* WHAT THE TASK REQUIRES *
Print exactly the lines below between the line holding "Framed Print : University, 1890." and the line holding "Type 3 Galvanised", inclusive, and nothing more.

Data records
----

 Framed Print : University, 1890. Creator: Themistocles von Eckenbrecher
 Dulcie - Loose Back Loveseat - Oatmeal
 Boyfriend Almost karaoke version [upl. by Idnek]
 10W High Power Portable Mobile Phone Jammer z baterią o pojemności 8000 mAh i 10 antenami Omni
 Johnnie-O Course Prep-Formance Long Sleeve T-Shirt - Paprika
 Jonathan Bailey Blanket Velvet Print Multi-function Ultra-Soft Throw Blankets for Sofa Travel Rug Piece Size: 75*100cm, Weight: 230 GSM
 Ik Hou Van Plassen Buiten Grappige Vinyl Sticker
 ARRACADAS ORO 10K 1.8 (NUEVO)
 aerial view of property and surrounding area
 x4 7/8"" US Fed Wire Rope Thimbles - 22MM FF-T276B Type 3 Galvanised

----

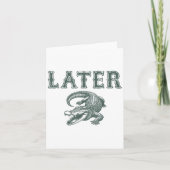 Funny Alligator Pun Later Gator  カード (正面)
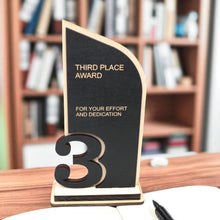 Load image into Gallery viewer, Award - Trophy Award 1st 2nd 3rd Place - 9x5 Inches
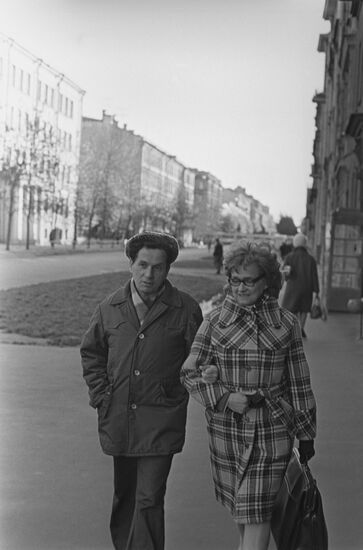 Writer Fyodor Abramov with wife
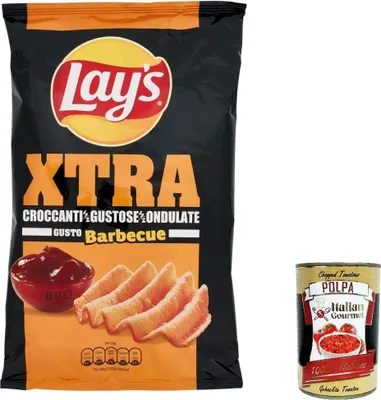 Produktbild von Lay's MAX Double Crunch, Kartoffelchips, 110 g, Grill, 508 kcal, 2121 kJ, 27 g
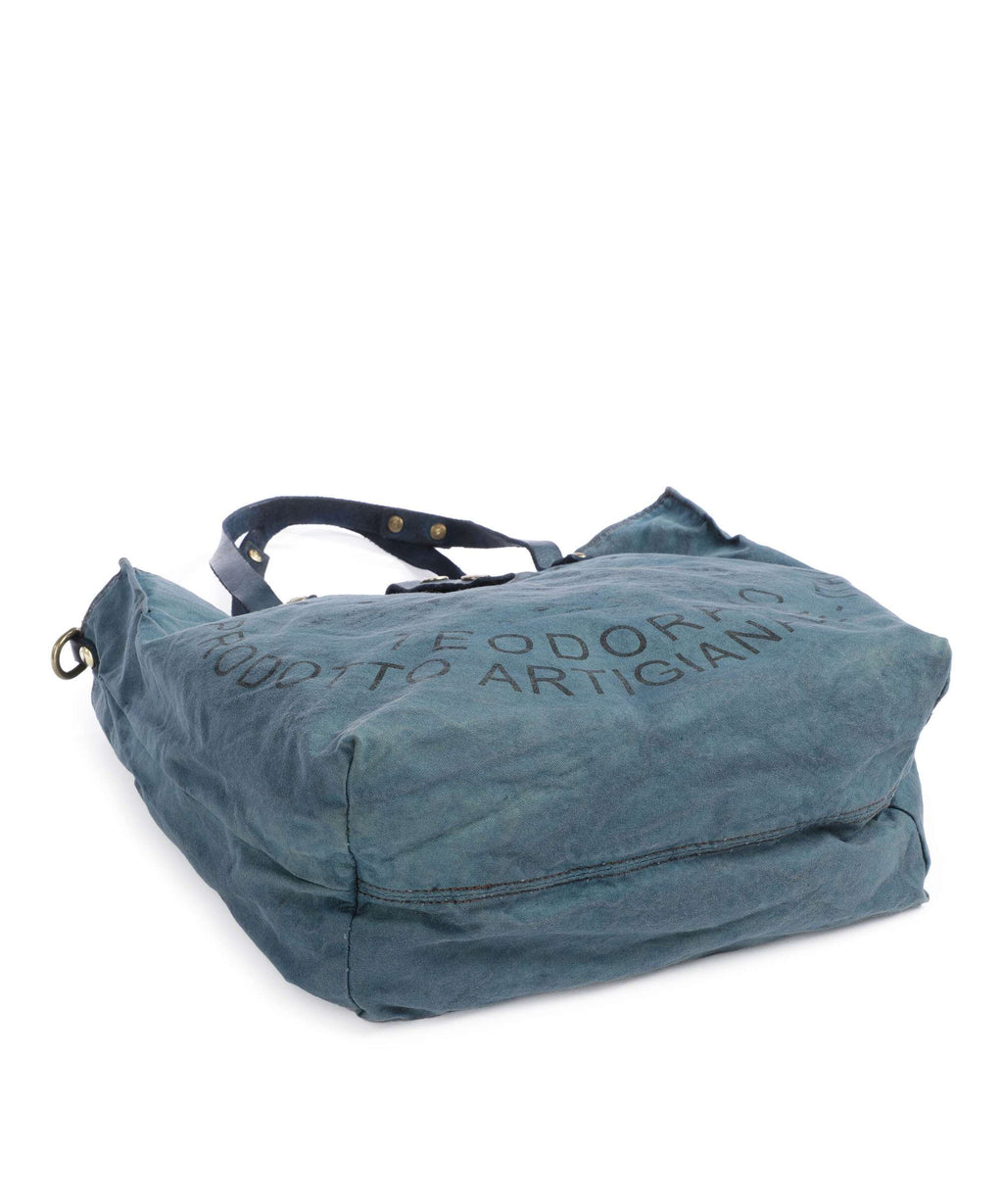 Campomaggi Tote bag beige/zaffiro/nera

----

* EXERCISE ANSWER *
 Framed Print : University, 1890. Creator: Themistocles von Eckenbrecher
 Dulcie - Loose Back Loveseat - Oatmeal
 Boyfriend Almost karaoke version [upl. by Idnek]
 10W High Power Portable Mobile Phone Jammer z baterią o pojemności 8000 mAh i 10 antenami Omni
 Johnnie-O Course Prep-Formance Long Sleeve T-Shirt - Paprika
 Jonathan Bailey Blanket Velvet Print Multi-function Ultra-Soft Throw Blankets for Sofa Travel Rug Piece Size: 75*100cm, Weight: 230 GSM
 Ik Hou Van Plassen Buiten Grappige Vinyl Sticker
 ARRACADAS ORO 10K 1.8 (NUEVO)
 aerial view of property and surrounding area
 x4 7/8"" US Fed Wire Rope Thimbles - 22MM FF-T276B Type 3 Galvanised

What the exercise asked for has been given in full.